Hoy en día, me atrevo a generalizar aunque no es lo adecuado, que el mayor temor de una mamá o de un padre, es que tu hijo salga a la calle y jamás regrese. Si hay un sonido que he dejado de escuchar con frecuencia, es el de niños jugando en la calle, puede que dependa del lugar donde vivas, si es una privada o hay seguridad, si es una colonia de casas, o una vecindad; pero no podrán negar que el ver niños jugando en la calle ha disminuido bastante. El mandar a los menores a la tienda, ha dejado de ser una opción, y hasta que vayan a jugar a otra casa sin tu supervisión, también. Y ¿qué sucede? Que los y las niñas dejan de convivir entre ellos y por supuesto que ese aislamiento tendrá sus consecuencias en la sociedad a la que se integren más grandes.

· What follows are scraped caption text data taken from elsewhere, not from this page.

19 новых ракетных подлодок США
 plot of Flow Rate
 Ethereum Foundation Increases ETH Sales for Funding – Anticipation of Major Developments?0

El 27 de marzo la niña Camila, de ocho años, fue invitada por la mamá de una amiga suya, a su casa para jugar. La mamá de Camila al conocer a la vecina, a la amiga, al vivir cerca, decidió dejar ir a la niña, horas después Camila salió de ahí sin vida, en una bolsa negra. No, no es culpa de su mamá que esas personas asfixiaran a su hija. Lo que devino después de encontrar el cuerpo de Camila, fue una reacción de frustración, pero también de odio, la presunta asesina, y sus dos hijos, fueron golpeados por decenas de personas afuera de su casa, a ella la bajaron de la patrulla para seguirla golpeando, por lo que perdió la vida cuando llegó al MP. Los dos hijos de esta mujer se encuentran en proceso, uno en el reclusorio de Iguala, y el otro en el Centro de Ejecución de Medidas para Adolescentes, en Chilpancingo.
También el taxista que se llevó el cuerpo de Camila fue procesado. No soy quién para juzgar a nadie, el feminicidio es algo horrible, el linchamiento también, los hechos son esos, y dejan mucho en qué pensar.
Una niña sale a jugar y es asesinada, eso es algo que no se te puede olvidar, el dolor de la niña, de su madre, de su familia. Y que desafortunadamente no es el único caso así en el país.
Extraño el sonido de los niños en la calle, las risas, los juegos, pero no dejó de pensar en que hoy vivimos en un mundo muy diferente a cuando yo tenía seis años, y entonces esos sonidos los reservo en mi memoria y anhelo que la humanidad retome su camino.